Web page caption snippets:
________
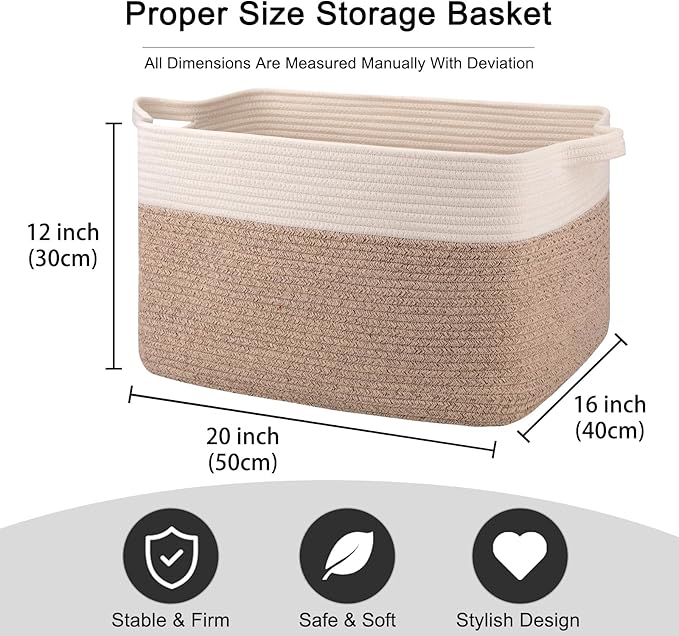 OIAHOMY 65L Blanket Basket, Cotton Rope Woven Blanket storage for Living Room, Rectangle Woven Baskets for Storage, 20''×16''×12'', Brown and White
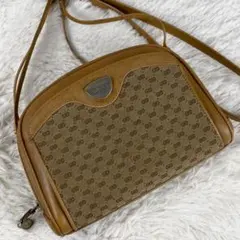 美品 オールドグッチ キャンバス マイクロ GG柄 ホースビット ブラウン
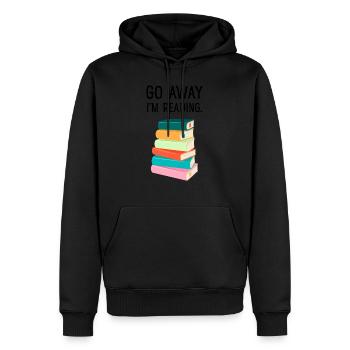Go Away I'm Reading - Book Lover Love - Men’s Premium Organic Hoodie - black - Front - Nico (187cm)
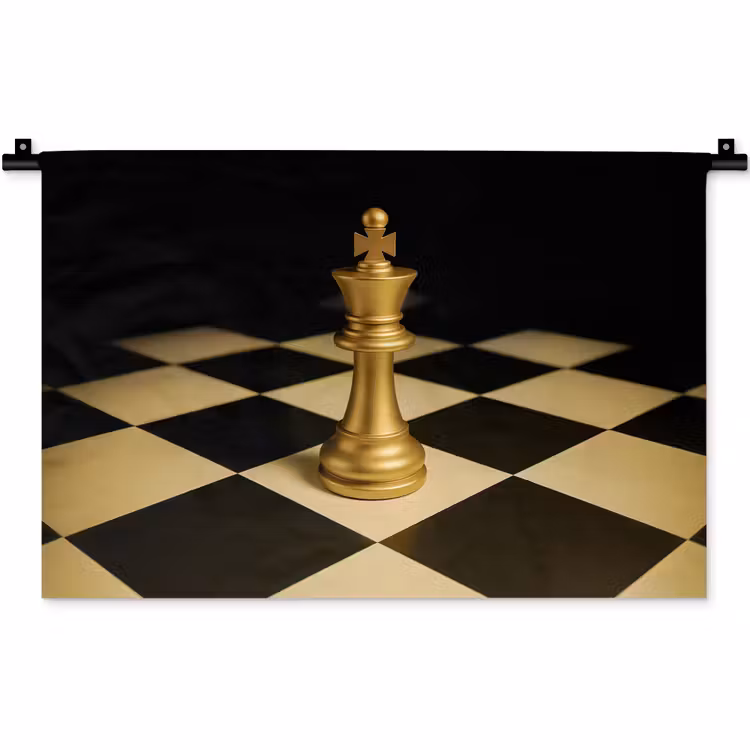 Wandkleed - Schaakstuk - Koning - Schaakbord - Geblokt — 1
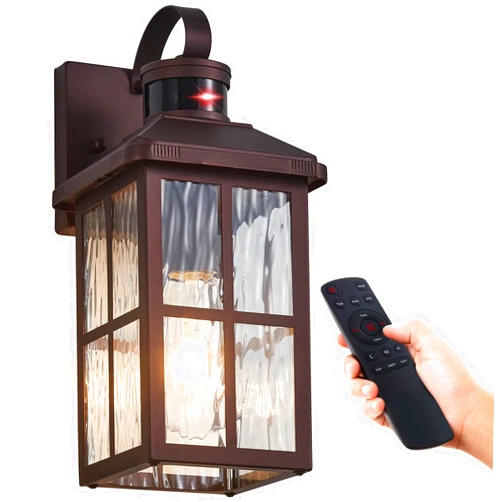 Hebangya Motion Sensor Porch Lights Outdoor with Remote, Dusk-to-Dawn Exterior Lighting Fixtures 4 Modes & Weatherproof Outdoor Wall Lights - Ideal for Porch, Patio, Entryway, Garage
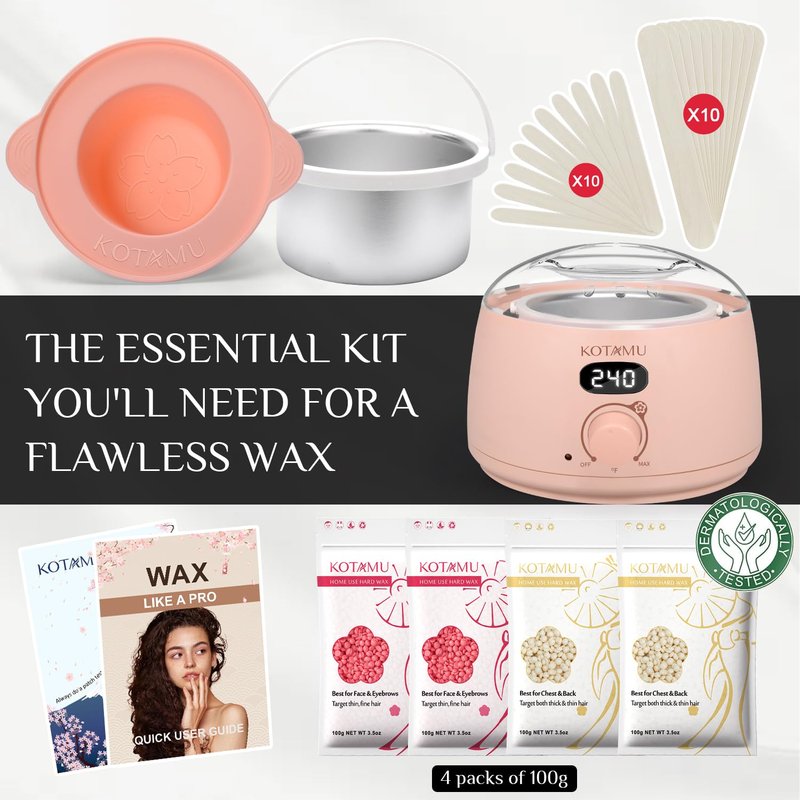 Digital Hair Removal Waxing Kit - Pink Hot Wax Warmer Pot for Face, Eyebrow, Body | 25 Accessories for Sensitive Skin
________
» **Problem details**:
Your reply should consist only of the lines running from the line with "美品 オールドグッチ キャンバス マイクロ GG柄 ホースビット ブラウン" to the end of the entries, both included, copied exactly and without any pictures.

» **Response below**:
 美品 オールドグッチ キャンバス マイクロ GG柄 ホースビット ブラウン
Go Away I'm Reading - Book Lover Love - Men’s Premium Organic Hoodie - black - Front - Nico (187cm)
 Wandkleed - Schaakstuk - Koning - Schaakbord - Geblokt — 1
 Hebangya Motion Sensor Porch Lights Outdoor with Remote, Dusk-to-Dawn Exterior Lighting Fixtures 4 Modes & Weatherproof Outdoor Wall Lights - Ideal for Porch, Patio, Entryway, Garage
 Digital Hair Removal Waxing Kit - Pink Hot Wax Warmer Pot for Face, Eyebrow, Body | 25 Accessories for Sensitive Skin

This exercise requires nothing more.